Sixty-six subjects had a tunneled CVC, 54 had double lumen catheters and 62 had their CVC located in the upper chest or neck. The method of repair was not recorded in 10 patients, but of those that were clearly documented, approximately half of the repairs were performed using glue. In the pre-repair period, antibiotics were given for a median of 6 (IQR 0–19) days. In the post repair period, the median number of catheter days was 30 (IQR 29–30), with a median of 2 (IQR 0–12) days receiving antibiotics.

We found a mean pre-repair bacteremia rate of 9.9 per 1000 catheter days, taking all catheter days into account, and a similar mean rate of 9.0 episodes of bacteremia per 1000 catheter days after excluding days on antibiotics (Table 1). The pre-repair mean rates of CLABSI were 6.2 per 1000 total catheter days, and 7.7 per 1000 catheter days when antibiotics were not used. The incidence rate ratios (IRR), which represents the within-patient change in risk of bacteremia or CLABSI between the pre- and post-repair periods, were significantly elevated, both for bacteremia and CLABSI. For example, the risk of CLABSI showed a greater than two-fold increase (IRR 2.15, 95% CI 1.02 – 4.53, p = 0.045) when all catheter days were included, and a four-fold increase when days on antibiotics were excluded (IRR 4.07, 95% CI 1.43 – 11.57, p = 0.008; Table 1).
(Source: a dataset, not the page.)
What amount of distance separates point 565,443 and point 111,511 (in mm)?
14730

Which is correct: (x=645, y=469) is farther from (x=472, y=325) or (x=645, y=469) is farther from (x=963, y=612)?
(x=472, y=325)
Twelve patients received antibiotics during the entire 30 days post-repair and thus could not be included in the analysis of risk while off antibiotics.

Table 1.

Comparison of bacteremia and CLABSI incidence during the periods before and after catheter repair

Definitions of bloodstream infection and catheter days at risk	Infections per 1,000 catheter days
	Pre-repair Mean(SD)	Post-repair Mean(SD)	IRR^a	95% C.I.	P value
Bacteremia:
All catheter days included	9.88 (17.83)	24.49 (59.44)	1.87	1.05–3.33	0.03
Days on antibiotics excluded	8.99 (24.52)	33.79 (96.16)	4.13	1.69–10.06	0.002
CLABSI:
All catheter days included	6.17 (15.01)	14.85 (45.39)	2.15	1.02–4.53	0.045
Days on antibiotics excluded	7.74 (23.74)	21.10 (75.08)	4.07	1.43–11.57	0.008

Open in a new tab

Average within-patient incidence rate ratio estimated from conditional Poisson regression for matched data

The rate of bacteremia did not appear to decrease with time in the 30 days following CVC repair. Overall bacteremia rates occurring during the 1^st, 2^nd, and 3^rd, ten-day periods after repair were 19.1, 12.2, and 27.5 per 1000 catheter days without antibiotics, respectively.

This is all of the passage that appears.